WHAT YOU HAVE TO DO: Using the records below, write out only the lines from the line containing "Group of modern" up to and including the line containing "May include: A pair", exactly, with no pictures.

GIVEN RECORDS:

═══

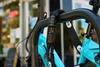 A close-up shot of a black combination chain lock securing a teal bicycle to a black bike rack. The lock has a digital keypad and is wrapped around the bike frame and the rack. The ABUS logo is visible on the chain cover. Produktbild-Vorschau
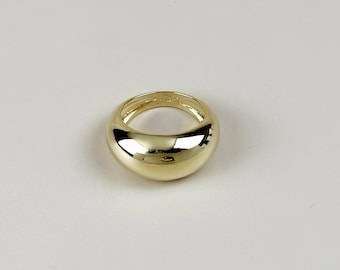 May include: A gold-colored ring with a rounded, smooth design. The ring has a thick band and a polished, reflective surface. The jewelry piece is set against a plain, light background.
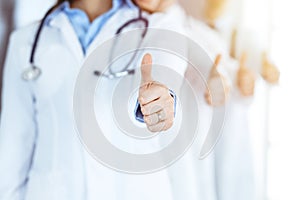 Group of modern doctors standing as a team with thumbs up in sunny hospital. Medical help, insurance in health care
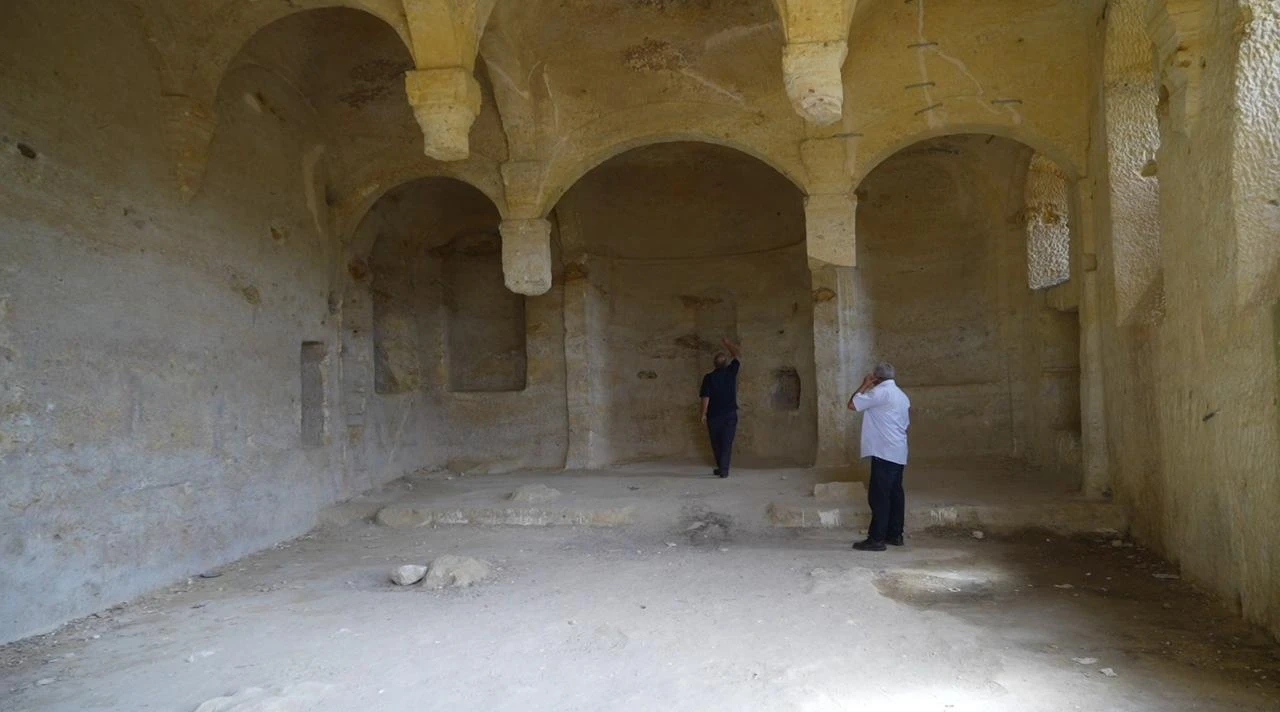 Visitors examine the rock-cut interior of the centuries-old Cakirkaya Monastery in the Siran district of Gumushane, northeastern Türkiye. (IHA Photo)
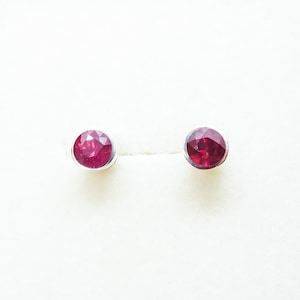 May include: A pair of silver stud earrings with small, round, red gemstones.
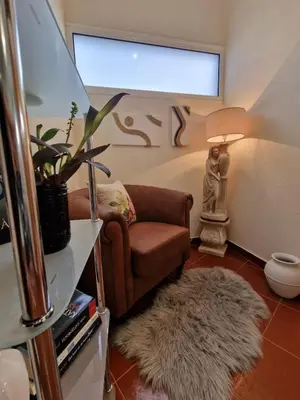 a living room with a chair and a rug at Prazeres - Madeira Inn Group in Prazeres
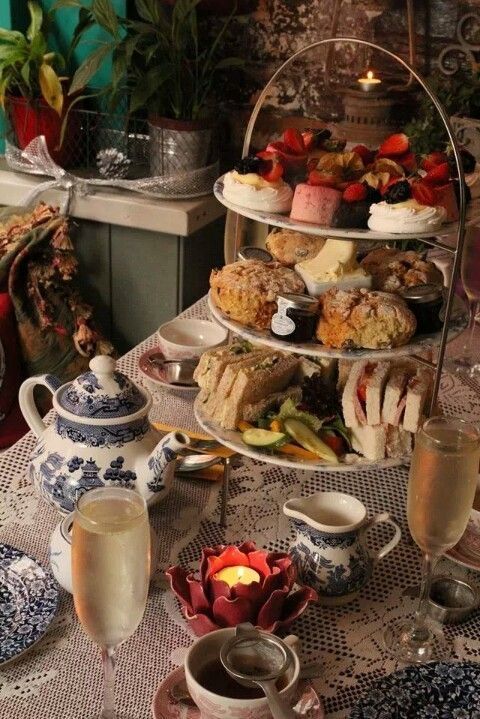 a table topped with plates and cups filled with food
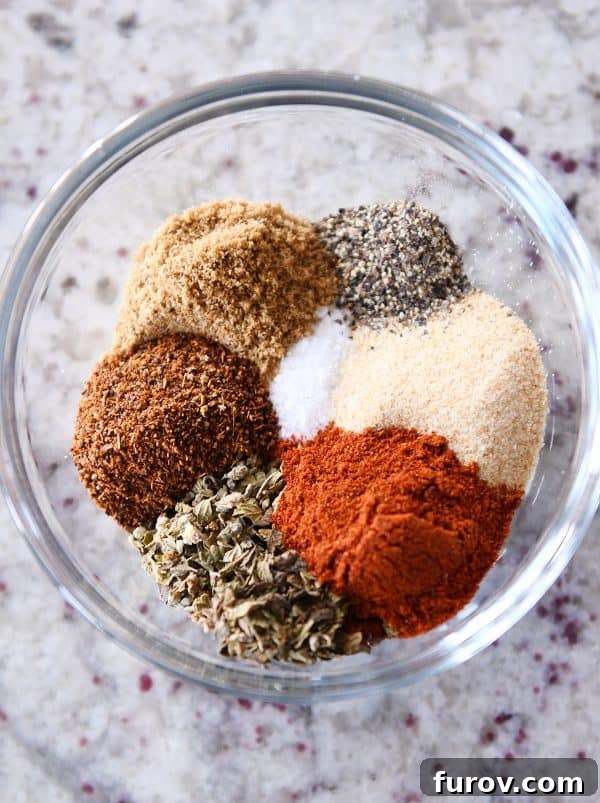 Ultimate Instant Pot BBQ Pork Tacos 4 A close-up shot of a small bowl filled with a homemade spice blend, featuring rich red paprika, ready to season the pork.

═══

YOUR SOLUTION:
 Group of modern doctors standing as a team with thumbs up in sunny hospital. Medical help, insurance in health care
 Visitors examine the rock-cut interior of the centuries-old Cakirkaya Monastery in the Siran district of Gumushane, northeastern Türkiye. (IHA Photo)
 May include: A pair of silver stud earrings with small, round, red gemstones.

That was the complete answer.